▶ What you will do
Reproduction without pictures: print every entry precisely as written.

▶ Data
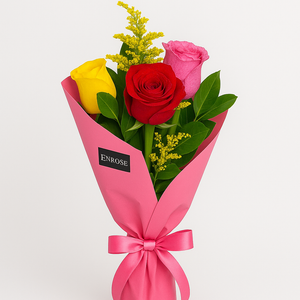 Mini Buquê 3 Rosas Coloridas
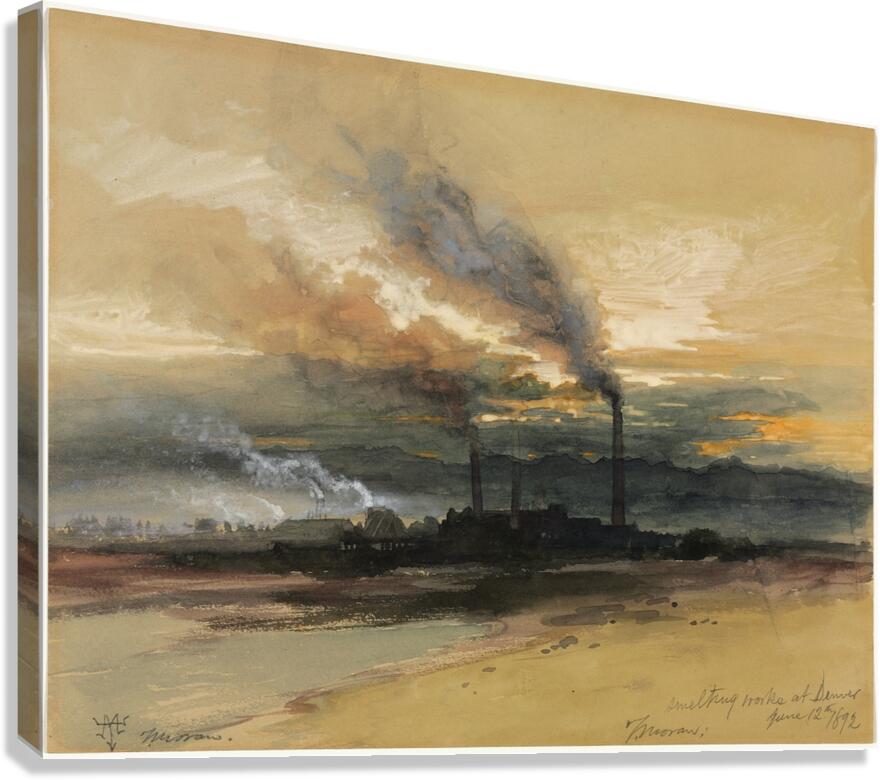 Smelting Works at Denver [1892] by Thomas Moran [1837–1926] Canvas Print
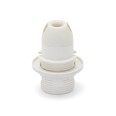 E14-Lampenfassung aus Thermoplast. Teilgewinde, mit Überwurfmutter. Weiß.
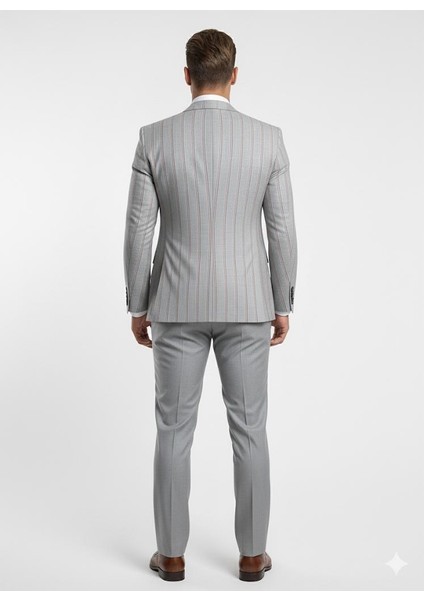 Erkek Çizgili Takım Elbise 3’lü Set – Ceket + Yelek + Pantolon – Slim Fit Italyan Tarz fiyatları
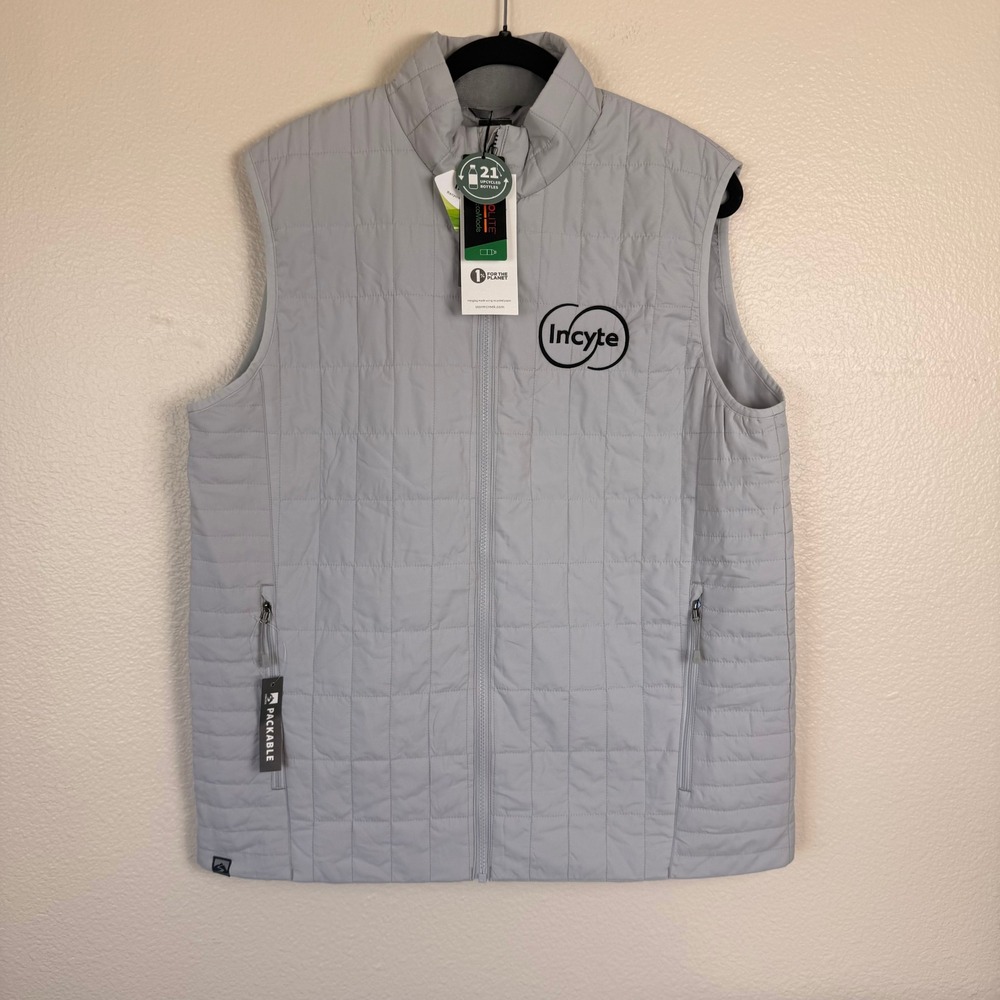 NWT Storm Creek Traveler Vest Mens L Grey Incyte Logo Packable Quilted Gorpcore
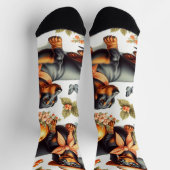 Vintage Dackel nahtlos Socken (Oben)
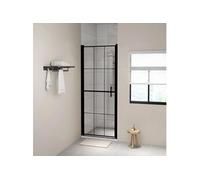 vidaXL Porte de douche verre trempé 91x195 cm noir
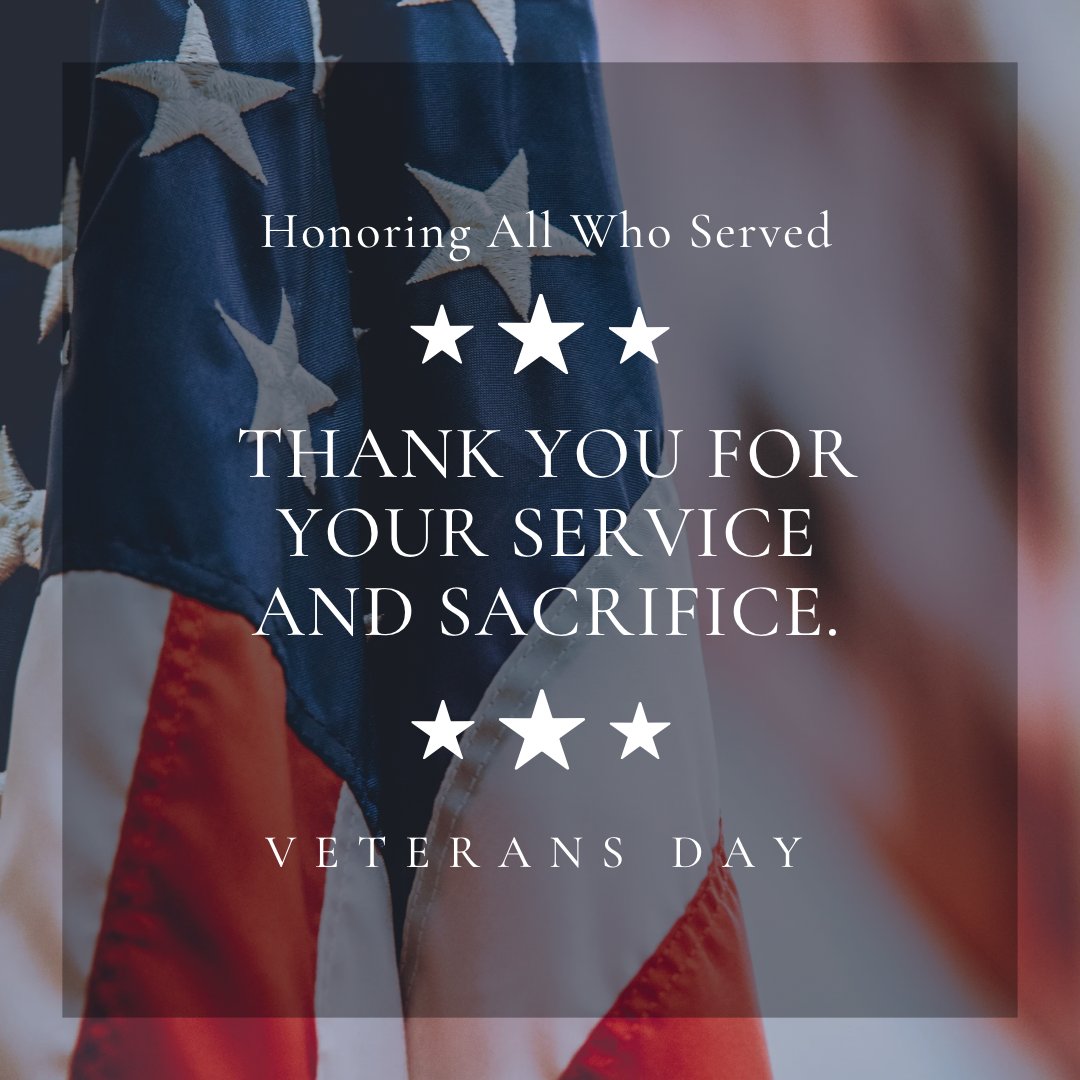 This #VeteransDay, we honor the brave men and women who have selflessly served our country. Thank you for your courage, dedication, and sacrifice. Today and always, we are grateful. 🇺🇸

#VeteransDay2024 #USVeterans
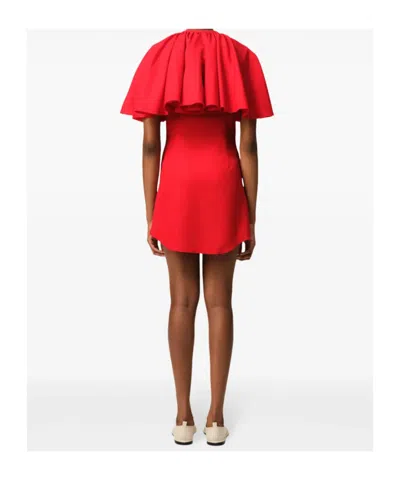 Ami Alexandre Mattiussi Red Wool Shirt Dress With Ruff Red In Poppy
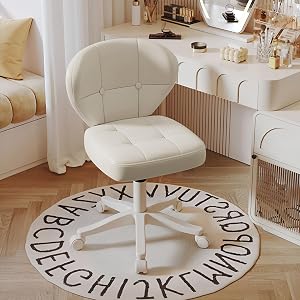 Vanity Chair with Back – Small Armless Office Chair with Wheels, Lumbar Support, PU Leather, Adjustable Height, 360° Swivel for Home, Bedroom, Office White Set of 1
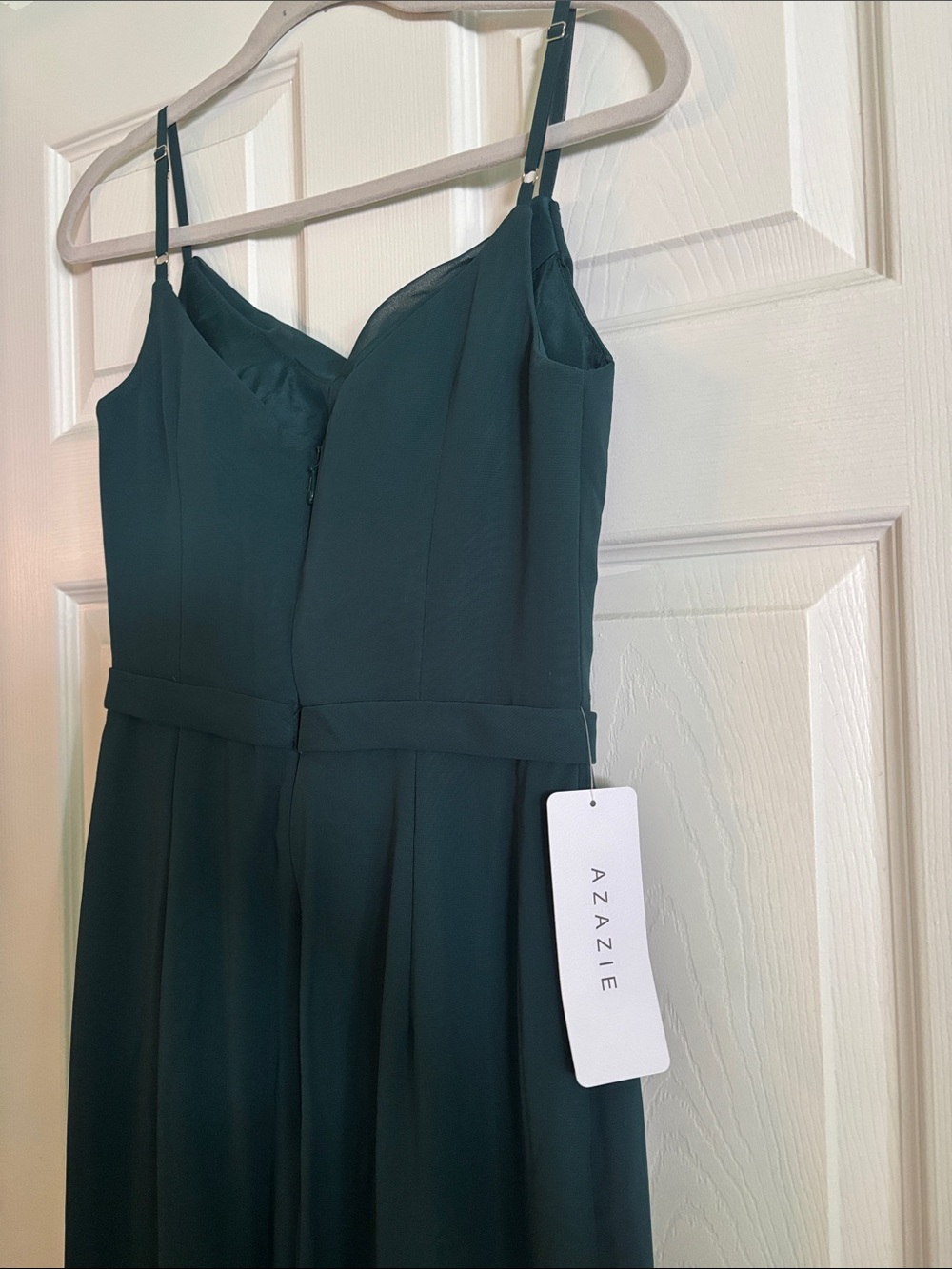 AZAZIE Bridesmaid Dress Pine / Emerald Green Cowl Neck Slip Dress - Picture 4 of 5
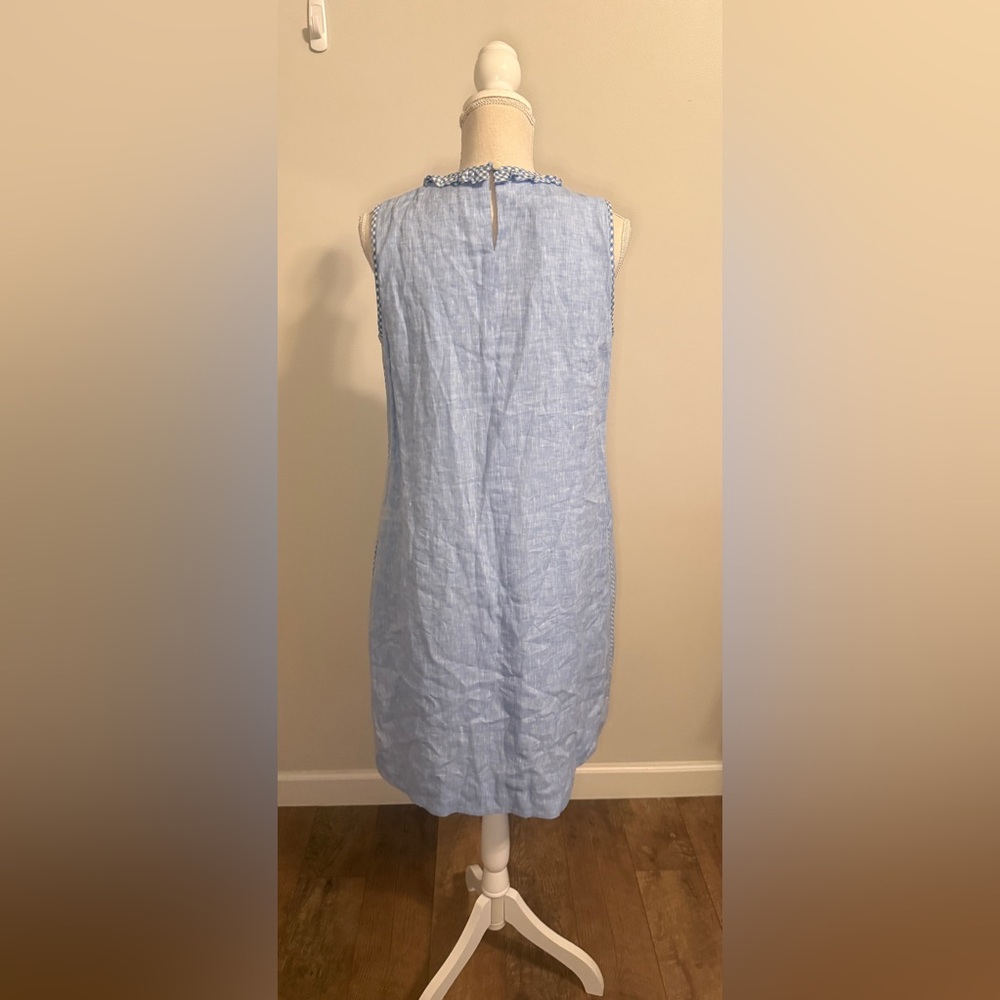 NWT Sara Campbell Linen Sleeveless TRAPEZE DRESS W/GINGHAM TRIM Sz S - Picture 3 of 8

▶ Output
 Mini Buquê 3 Rosas Coloridas
 Smelting Works at Denver [1892] by Thomas Moran [1837–1926] Canvas Print
 E14-Lampenfassung aus Thermoplast. Teilgewinde, mit Überwurfmutter. Weiß.
 Erkek Çizgili Takım Elbise 3’lü Set – Ceket + Yelek + Pantolon – Slim Fit Italyan Tarz fiyatları
 NWT Storm Creek Traveler Vest Mens L Grey Incyte Logo Packable Quilted Gorpcore
 Vintage Dackel nahtlos Socken (Oben)
 vidaXL Porte de douche verre trempé 91x195 cm noir
 This #VeteransDay, we honor the brave men and women who have selflessly served our country. Thank you for your courage, dedication, and sacrifice. Today and always, we are grateful. 🇺🇸

#VeteransDay2024 #USVeterans
 Ami Alexandre Mattiussi Red Wool Shirt Dress With Ruff Red In Poppy
 Vanity Chair with Back – Small Armless Office Chair with Wheels, Lumbar Support, PU Leather, Adjustable Height, 360° Swivel for Home, Bedroom, Office White Set of 1
 AZAZIE Bridesmaid Dress Pine / Emerald Green Cowl Neck Slip Dress - Picture 4 of 5
 NWT Sara Campbell Linen Sleeveless TRAPEZE DRESS W/GINGHAM TRIM Sz S - Picture 3 of 8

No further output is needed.